It's been a productive office hours day so far: a recommendation letter written and sent, tomorrow's lecture prepped, my reservations for an upcoming conference checked and modified appropriately. It's amazing really, since my colleagues are swarming the hall today, having conversations about sweaters and injuries and the like.
I'm tempted to close the door. But that feels a little wrong to me, having complained more than a few times as a student about walking down a department hallway and getting treated to a sublime exhibit of Far Side cartoons, newspaper headlines, and event announcements, but rarely ever actually seeing a faculty member. It was especially acute when I was supposed to catch them in their office hours but found only that well-decorated door. I wonder at what point this happens - is it a change that I'll one day go through? Is it like academic puberty? One day my voice in department meetings will change, and I'll slink off to my office and shut the door, grumbling about how no one understands me? Is the sabbatical nothing more than the equivalent of getting the keys to your first car?
Hipster music may be one of the forms of music that the academic adolescent blasts to drown out crude authority figures who just don't understand. Think about it.
So, it's with some irony and distress that the album I'm listening to today is one that came across on a number of "Best of.." lists recently. Today's disc is "Merriweather Post Pavilion" by Animal Collective.
Let me be upfront: I bought the album because it turned up on so many lists. And unlike many of the things from those lists that I passed over, it seemed like it was worth a listen to me because it wasn't quite like what seems to be the dominant indie/hipster musical preference d'jour: whiny voice, coffee house guitar, I'll try to channel Connor Oberst if you'll tell my ninth grade girlfriend she was a bitch sort of feel. You know the sort. I love lo-fi as much as the next guy, but when it turns into a formula, well...it's like the anarchist I saw in grad school who smashed out a turn signal while the driver was still in the car, then cried for the police when the guy got out of the car to give him his own version of street justice. I don't care if your formula started out with some cred: once it reverts to type, it's less than interesting. It's I loved you but you jumped the shark funny.
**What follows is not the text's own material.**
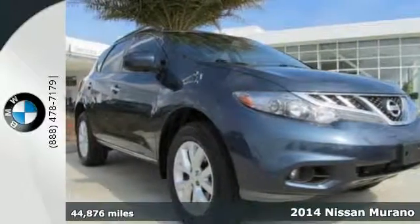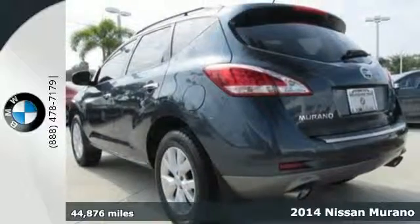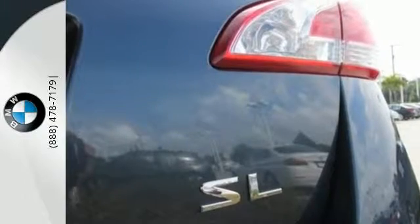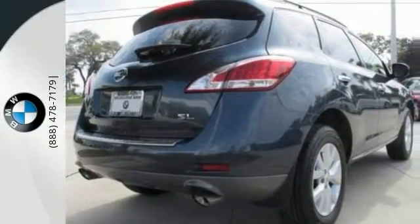Here's a 2014 Nissan Murano. Refined elegance and style come standard in this SUV. The V6 engine, stability and traction control, and four-wheel independent suspension will take you anywhere you desire, while the multiple airbag system and tire pressure monitor keep you safe.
The songs I checked out from this album before picking it up had a sort of experimental feel to them. My suspicion is that Animal Collective would fail the "does the album sound like them live" test that is one of my more trustworthy musical tests. It's all well and good if it flies in the studio, but does it feel the same at the show? I saw Modest Mouse a few years ago, and to this day, feel like I saw someone masquerading as the band who I might have liked better than the band whose album I'd been enjoying.
Maybe it's the same for Animal Collective: the album's got a little bounce but not so much to burst your working quietly vibe, but perhaps the band brings a little more menace to the show. I feel like it's a background noise album, rather than something that has an anthem or a song that I'll find myself quoting or humming or even wanting to sing along with.
Maybe that's why it works so well for moments like this at the office: not just because sometimes you need background noise, but maybe because the pre-tenure process functions similarly. If pre-tenure is your safe time to be produced and made to sooth the masses, post-tenure could be your moment to revisit your menace? That hardly seems the case, but it's an interesting possibility.